Problem statement -> Write out the full listing exactly as given, minus the images.

Information supplied ->
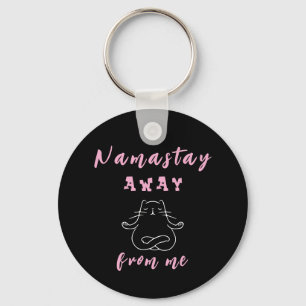 Namastay away from me key ring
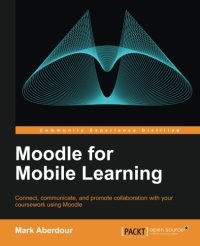 cover of the book Moodle for mobile learning : connect, communicate, and promote collaboration with your coursework using Moodle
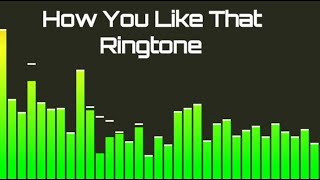 Blackpink - How You Like That (Marimba Remix) Ringtone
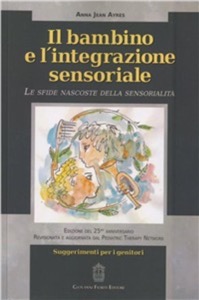 copertina di Il bambino e l' integrazione sensoriale - le sfide nascoste della sensorialita'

Result for this exercise ->
 Namastay away from me key ring
 cover of the book Moodle for mobile learning : connect, communicate, and promote collaboration with your coursework using Moodle
 Blackpink - How You Like That (Marimba Remix) Ringtone
 copertina di Il bambino e l' integrazione sensoriale - le sfide nascoste della sensorialita'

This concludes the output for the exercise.